Both Producers Research and High-Grade Living declare
He was fully sensible to the advantages of the Instalment Plan
And had everything necessary to the Modern Man,
A phonograph, a radio, a car and a frigidaire.
Our researchers into Public Opinion are content 
That he held the proper opinions for the time of year;
When there was peace, he was for peace:  when there was war, he went.
He was married and added five children to the population,
Which our Eugenist says was the right number for a parent of his generation.
And our teachers report that he never interfered with their education.
Was he free? Was he happy? The question is absurd:
Had anything been wrong, we should certainly have heard.




Mmmm, dig that sweet High Modernism goodness. I may have touched on this before, but one of the most intriguing aspects of Modernism in literature is how thoroughly disgusted it is with everything modern. There's this kneejerk reaction to everything from the clean, antiseptic lines of architecture embodied in skyscrapers to the near-obsession with statistics and the scientific method. It's like you scratch a Modernist writer and never fail to find somebody born 250 years too late for the Enlightenment.

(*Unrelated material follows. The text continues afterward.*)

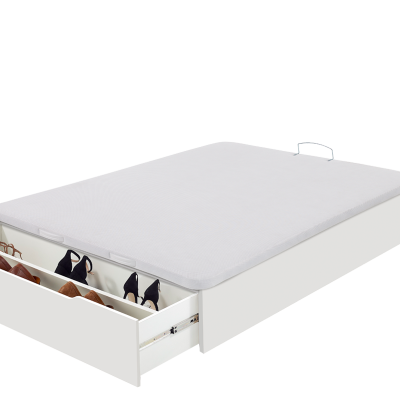 Cama branca com gaveta para sapatos e colchão branco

Auden, especially, had some choice words for bureaucracies and paperwork, for everything safe and tidy and quantifiable. I can't say he was wrong, but I also can't say he was on the money. Sure, there's plenty of things in 20th-century life that degrade the soul, from choosing insurance providers (haha, take THAT Wallace Stevens!) to paying late fees at your local video rental store (in "American Psycho" Bret Easton Ellis got that much right, at least).


Look at these pretentious douchebags here...
But there was still something solid and real in the pre-pastiche era before every eyebrow became ironically arched and every sentiment perfectly detached. You used to be able to come out with a statement and be reasonably sure you didn't need to check back every ten minutes or so to see who had posted, "liked" or retweeted you. An opinion could just be an opinion, without an endless process of retextualization and deconstruction that has its ultimate end in that most entertaining of trivial nothings, the meme


Can I get some "don't touch my junk" in the house? No? How about some "Bed Intruder"? Okay then, "Don't tase me bro!"? Man, these things have the half-life of a peach from Trader Joe's: by the time it goes from the scanner to your recyclable canvas tote it's already rotted into community-supported compost.


So what I'm saying is, things can always be worse. (Unless you leave your wallet at home, your phone in the charger and your keys in the car at the same time. That is THE. WORST.) Hate high seriousness? You could be on "Cash Cab" or reading US Weekly. Hate lowest-common denominator pandering? You could be watching "Booknotes" on C-SPAN at 3:45 on a Tuesday afternoon. 


Cheer up, Charlie: it only gets worse from here. MOST. DISAPPOINTING. BLOG POST. EVER!